Che poi, di adulti traumatizzati dalla «grande scoperta», io non ne conosco. Conosco invece genitori traumatizzati dalle pretese dei figli appena scoprono che le renne non c'entrano e che per avere la casa di Barbie o l'iPhone 6 non è necessaria una richiesta scritta, bastano un paio di musi lunghi e una strisciata di CartaSi. Senza tirare in ballo la magia del Natale e i sogni che aiutano a vivere meglio di marzulliana memoria, rivendico il sacrosanto diritto alla bugia e il suo sottostimato valore formativo. Non mi ricordo quando ho scoperto che Santa era solo il nome storpiato di una ridente località della Liguria, ma ho molta nostalgia di quando la notte del 24 dicembre mettevo fuori dalla porta acqua e cibo per i Foodora del Natale pronta consegna, che fossero Babbo Natale con il cocchio oppure l'asinello insieme al Bambin Gesù. Era magnifico alzarsi al mattino e non trovarli più, vedendo al loro posto sotto l'albero una montagna di pacchetti. Com'è possibile portare in una sola notte tanti regali in tutto il mondo? Babbo Natale è stato bambino? E un giorno morirà? Ma soprattutto, com'è che non azzecca mai il regalo per la mamma? Sono domande che ci facevamo, ma senza pretendere vere risposte.

Credere a Babbo Natale è la base per accettare da adulti altre impossibili verità

Vero, finto, giusto, sbagliato, che differenza fa? Babbo Natale è un atto di fede. E non è l'unico in cui ci imbatteremo, crescendo. Dunque tanto vale prenderlo per buono ed essere grati ai genitori pallonari, perché ci danno le basi, nella vita a venire, per dare per certe altre impossibili verità: tipo che le diete funzionano e un giorno diventeremo magrissime (quale persona sana di mente riuscirebbe a nutrirsi di cibo scialbo e insapore se non fosse animata da infantile convinzione che la 40 sia una meta possibile?), che davvero gli uomini guardano prima gli occhi e se ti lasciano è perché «non ti meritano», che le donne possono arrivare ovunque, persino alla Casa Bianca, se solo lo vogliono.

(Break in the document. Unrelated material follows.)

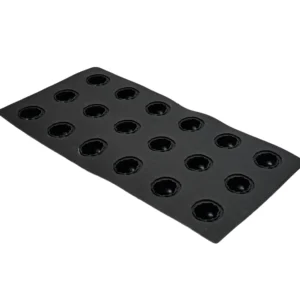 Frambuaz mini silikon kalıbı arka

Sono altre le bugie dei genitori che minano la fiducia dei bambini

Credere a Babbo Natale non mina la fiducia dei bambini negli adulti. La minano di più altre bugie: la volta che prometti di andare alla recita e non ti presenti, i cinque minuti che diventano un'ora e altre collaudate baggianate genitoriali. Che poi i bambini, secondo me, sono più forti e sgamati di quel che noi pensiamo. «Fidati di tua figlia», mi disse un'amica psicologa una volta, raccogliendo le mie ansie di madre part time. E io mi fido. È dei grandi che mi fido meno. Soprattutto in un momento storico come questo in cui vanno in frantumi nuove certezze e vecchie ideologie: Obama se ne va, Fidel Castro è morto, sinistra e destra non esistono più. Volete anche toglierci Babbo Natale?